That said, I’m not sure that a Hollywood movie has ever kicked off the season with less true Christmas spirit than “Red One.” Sure, J.K. Simmons plays Santa Claus (who gets abducted), and Simmons is winning in his crinkly old wise innocence. Dwayne Johnson, as Santa’s bodyguard (who wants to retire because he’s having a crisis of faith), is his outsize amiable self. The odd thing about the movie is that while it’s a little bit tongue-in-cheek, it’s not really a comedy. Directed with charmless energy by Jake Kasdan, “Red One” is at once an action movie; a kidnap-rescue thriller in which the doors to supply closets in toy stores are mystic portals; and an exercise in Christmas world-building, as if that’s the thing that’s been missing from Christmas.

At the beginning, Simmons’ Santa is seated on his throne, greeting a line of children in a shopping mall, a location he finds to be the most soulful place on earth (which shows you how far we’ve come from “Jingle All the Way” — even Santa now digs the capitalism of it all!).
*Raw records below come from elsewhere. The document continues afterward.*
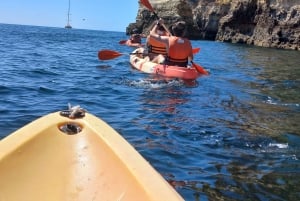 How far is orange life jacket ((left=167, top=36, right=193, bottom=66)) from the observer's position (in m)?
11.7

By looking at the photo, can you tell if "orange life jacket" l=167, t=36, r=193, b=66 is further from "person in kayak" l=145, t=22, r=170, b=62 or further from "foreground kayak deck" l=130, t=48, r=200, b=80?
"person in kayak" l=145, t=22, r=170, b=62

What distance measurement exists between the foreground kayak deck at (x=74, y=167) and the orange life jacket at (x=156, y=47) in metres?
9.16

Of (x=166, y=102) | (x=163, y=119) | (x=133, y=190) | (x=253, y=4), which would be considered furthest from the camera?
(x=253, y=4)

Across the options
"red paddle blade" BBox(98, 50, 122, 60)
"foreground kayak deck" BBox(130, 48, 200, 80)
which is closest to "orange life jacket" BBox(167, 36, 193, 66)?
"foreground kayak deck" BBox(130, 48, 200, 80)

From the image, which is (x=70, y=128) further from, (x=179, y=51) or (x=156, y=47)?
(x=156, y=47)

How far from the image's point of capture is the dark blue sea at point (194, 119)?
14.7 feet

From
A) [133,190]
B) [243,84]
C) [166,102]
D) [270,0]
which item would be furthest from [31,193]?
[270,0]

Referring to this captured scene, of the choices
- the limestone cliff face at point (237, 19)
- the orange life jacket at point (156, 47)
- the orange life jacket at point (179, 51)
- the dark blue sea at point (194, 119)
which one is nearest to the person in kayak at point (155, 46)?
the orange life jacket at point (156, 47)

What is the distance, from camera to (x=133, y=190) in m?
2.92

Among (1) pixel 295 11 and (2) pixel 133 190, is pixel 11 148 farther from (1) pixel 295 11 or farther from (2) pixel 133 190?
(1) pixel 295 11

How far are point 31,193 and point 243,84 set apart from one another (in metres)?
9.98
The hot toy of the season, the one kids keep asking him for, is a video game called Vampire Assassin 4. We’re supposed to chuckle at how un-Christmas-sounding that is. But “Red One” could almost be the movie version of Vampire Assassin 4. It’s that busy and bumptious, that overstuffed with cheesy digital effects, that generically derivative a piece of violent kitsch.

The film’s first not-quite-trying-to-be-funny “joke” is that Santa Claus’s whole enterprise is run like a U.S. military operation. Santa’s code name is Red One. Johnson’s Cal works for ELF ­— which stands for Enforcement Logistical Fortification, and means that Cal darts around like a secret-service agent, barking orders into his wrist walkie-talkie. CF drones, Sno-Cats, a cargo plane: the film is light on tinsel but heavy on equipment. And the dialogue is tech-bombastic enough to sound like something out of a Dan Aykroyd comedy from 1986.

It is also — of course — a buddy movie. No, not Santa and his bodyguard. (Once Santa is kidnapped, which happens early on, he’s mostly out of the picture.) The buddies here, who start off hating each other, are Cal, who’s been tasked with hunting down Santa’s whereabouts, and Jack (Chris Evans), a degenerate sports gambler and derelict divorced dad who is also some sort of super-hacker. Disreputable powers from all over the globe hire him, through encrypted communications, to uncover the hidden location of people and things, which he does with effortless dash.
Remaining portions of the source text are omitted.